To provide a stable infrastructure, we used structured frameworks, such as IT Infrastructure Library/Managed Object Format (ITIL/MOF). Policies, processes, and procedures in the framework helped to enforce and control security and availability, and to prevent failures. Microsoft product engineering groups that used hosting services had a similar adoption process for their application and service needs, which were based on ITIL/MOF.

This model worked well for traditional IT infrastructure, but things began to change when cloud computing and Microsoft Azure began to influence the IT landscape.

Evolution of the hybrid cloud

As IT infrastructure and services began to move to the cloud, the nature of the cloud and how we treat it changed. We’ve now been hosting IT services in Microsoft Azure for a long time, and as Azure has evolved and grown, so has our engagement with Azure services and the volume of our IT services hosted in Azure.

Early Azure: IT-owned, IaaS, and lift-and-shift

In the early years, Microsoft Azure was IT only. We had full control of cloud development, implementation, and management. We could create and manage solutions in Azure, but it was a siloed service.

The infrastructure consisted primarily of IaaS virtual machines that hosted workloads in the cloud the same way that they hosted workloads in on-premises datacenters.

Efficiency gains were small and infrastructure management still used the same tools—sometimes hosted in the cloud and sometimes hosted on-premises and connected to the cloud. It was very much a lift-and-shift migration from the datacenter to the cloud, and our management processes imitated the on‑premises model in much the same way.

The datacenter remained the focus, but that was changing.

Microsoft Azure evolves: PaaS, co-ownership, and cloud-first

As Microsoft Azure matured and more of our infrastructure and services moved to the cloud, we began to move away from IT‑owned applications and services.
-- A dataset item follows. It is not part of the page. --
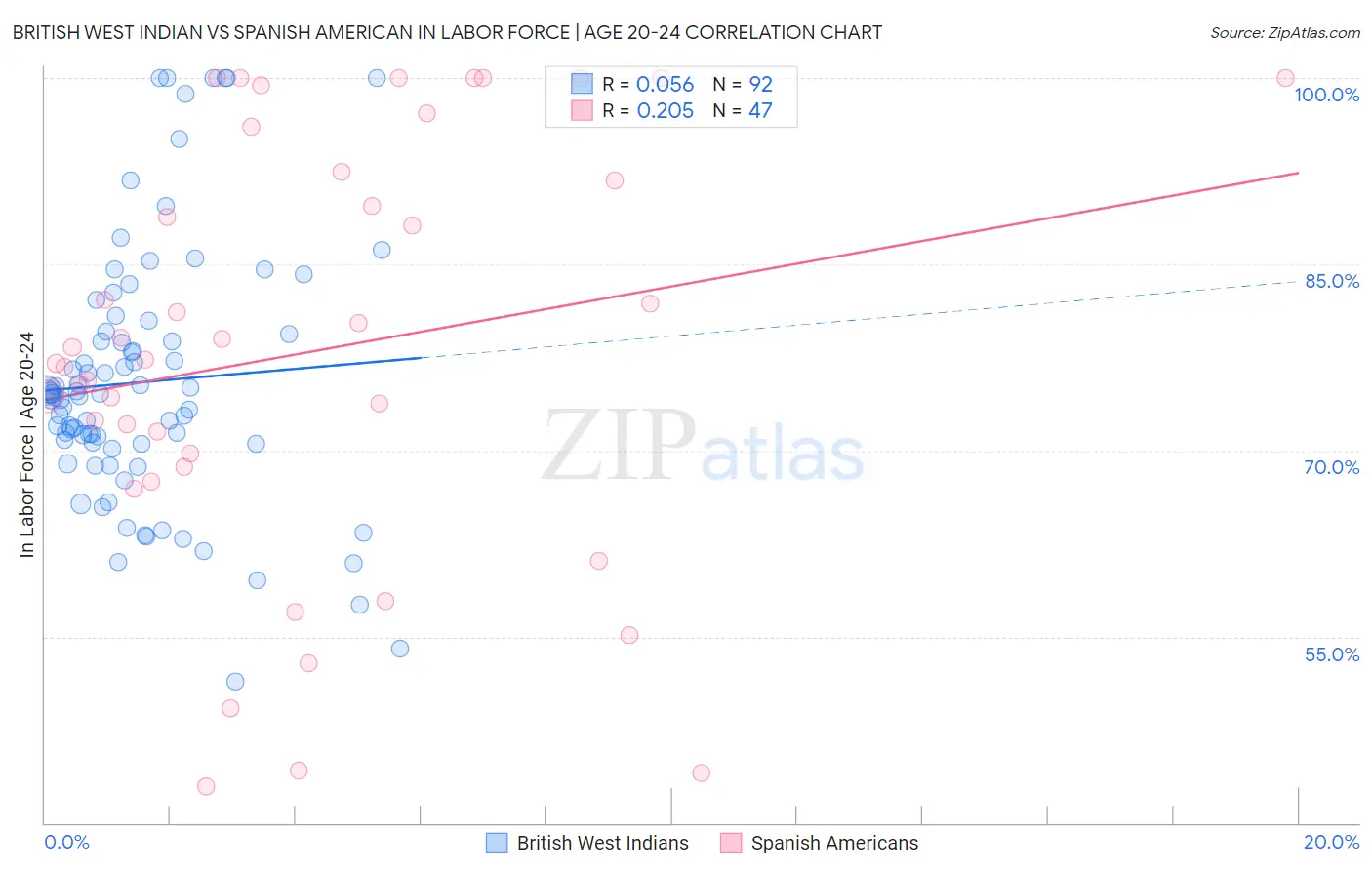 British West Indian vs Spanish American In Labor Force | Age 20-24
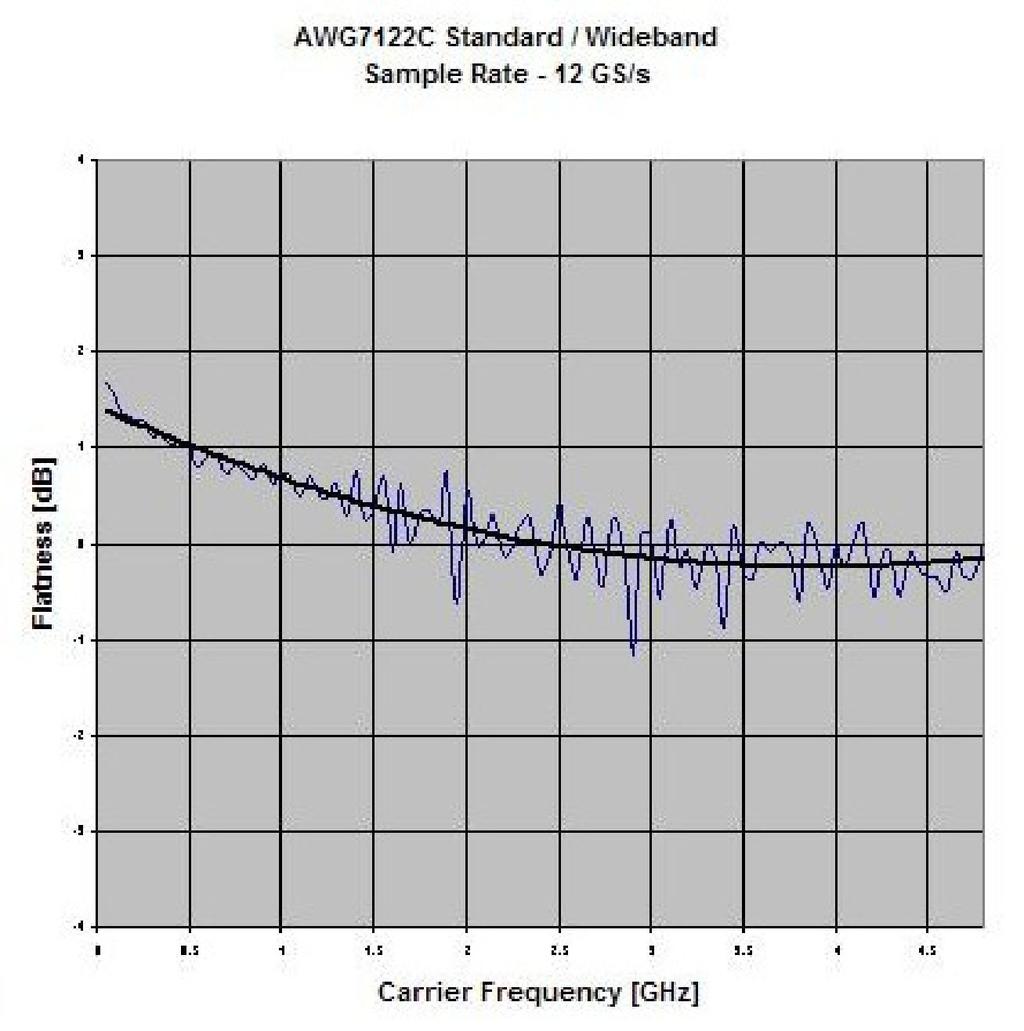Arbitrary Waveform Generators AWG7000 Series Output Amplitude s Amplitude Amplitude levels are measured as single-ended outputs Amplitude level will be 3 dbm higher when using differential (both)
The strengths of the Azure self-service and management features meant that a business group could handle many of the duties that we offered as an IT service provider—which meant that they could build solutions that were more agile and responsive to their needs.

Microsoft Azure platform-as-a-service (PaaS) functionality matured, and the focus moved from IaaS-based solutions to PaaS-based solutions. Azure became the default target for IT solutions; datacenter decommissioning began as more solutions moved to or were created in Azure. Monitoring and management was becoming cloud-focused as we pointed more of our System Center Operations Manager (SCOM) and System Center Configuration Manager (SCCM) instances at the cloud. Azure-native management started to mature.

Large-scale Azure: Service line–owned, IT-managed, PaaS-first

PaaS quickly became a focus for developers in our business groups, as they realized the agility and scalability they could achieve with PaaS-based solutions. Those developers shifted to PaaS for applications as we transitioned away from IaaS and virtual machine-based solutions.

With the advent of Microsoft Azure Resource Manager, which permitted a broader level of user control over Microsoft Azure services, we saw service lines begin to take ownership of their solutions, and business groups started to manage their own Azure resources.

The datacenter became an inconvenient necessity for apps that couldn’t move to Microsoft Azure. We still used SCOM and SCCM as the primary monitoring and management tools, but we had moved almost all our instances into IaaS implementations in Azure. Azure-native management became a mature product, and we started to plan and deliver a completely cloud-based management environment.

Microsoft Azure in a DevOps culture: Service line–managed, Internet-first, business-first

We’re continually nurturing a DevOps culture—DevOps has transformed the way that Microsoft Azure solutions are developed and operated. Our Azure solutions offer an end-to-end view for our business groups. They’re agile, dynamic, and data-intensive. Continuous integration and continuous development create a continual state of improvements and feature releases.

The Microsoft Azure solutions that our business groups use are designed to respond to their business needs. We actively seek and use Azure-native tools for control over and insight into IT environments, in Azure first, but also, back to the datacenter where required. We’re a long, long way past managing a stack of metal. The modern workplace is here at Microsoft, and it changes every day.

Realizing digital transformation

In the modern workplace, the developers and IT decision makers in our business groups have an increasingly critical business role. Our business groups need the autonomy to make IT decisions that serve their business needs in the best way possible. With 98 percent of our IT infrastructure in Microsoft Azure, we’re increasingly looking to the agility, scale, and manageability that Azure provides. Using this scale, we solve business needs and provide the framework for a complete IT organization, from infrastructure to development to management.

Managing the modern hybrid cloud

Our modern hybrid cloud is 98 percent Microsoft Azure—and Azure is the primary platform for infrastructure and management tools. Azure is not only the default platform for IT solutions—it is our IT solution.

Just as PC sprawl occurred in the late 1990s and server sprawl did the same thing in the 2000s, cloud sprawl is a growing reality. Implementing new cloud solutions to manage the cloud environment and the remaining on-premises infrastructure is critical for our organization. The new Cloud solutions scope includes the flexibility for our engineers to leverage PaaS, Functions, and Container models to optimize the management of Cloud Environments.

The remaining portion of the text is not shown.